Crystal River is a river in Citrus County, Florida, flowing into the Gulf of Mexico. It is just seven miles (eleven kilometers) long, and has a drainage basin of five square miles (thirteen square kilometers), joining Kings Bay to the Gulf of Mexico. The river's significance is in the thirty natural springs that add an average of 300 million gallons (1,135 million liters) of warm water to the river every day. These springs include Three Sisters Springs.

The warm water in the river attracts large numbers of manatees, and Kings Bay, at the head of the river and the location of 28 of the springs, harbors approximately 350 manatees during the winter. Some biologists consider Crystal River to be the most important refuge for manatees in the United States.

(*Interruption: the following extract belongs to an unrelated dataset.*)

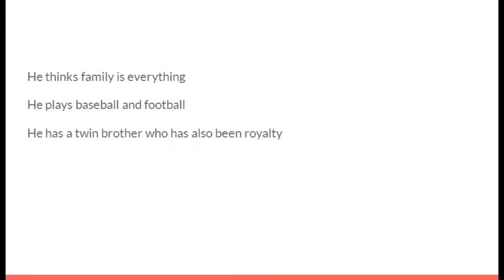He thinks family is everything. He plays baseball and football. He has a twin brother who has also been royalty. It's Russ Tanner.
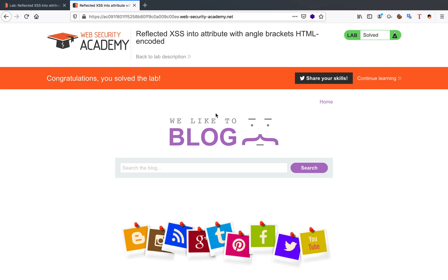Hello, you amazing hackers. I hope you're all doing well today. We're going to solve the reflected cross-site scripting into the attribute with angle brackets HTML encoded lab today. This one is a pretty simple one — it's an apprentice lab and it's meant to show you the basics, that's why it's not that hard.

In the first half of the 19th century Crystal River was known as Weewahiiaca (wee-wah-heye-ih-YAH-kah), believed to be from the Creek language words wewa, meaning "water", and haiyayaka, meaning "clear". The city of Crystal River is located on the river. The Crystal River Energy Complex, which consists of four coal-burning power plants and the Crystal River Nuclear Plant, is located near the mouth of the river. The Crystal River Archaeological State Park is located on the river.

==Kings Bay==
Kings Bay is Crystal River's headwater, or point of origin, and is fed by a number of springs that produce a constant temperature of 72 °F all year round. The 72° water attracts hundreds upon hundreds of manatees during the winter months looking to escape the cold water of the Gulf of Mexico. The springs in Kings Bay provide a habitat for 15 to 20 percent of the overall US manatee population.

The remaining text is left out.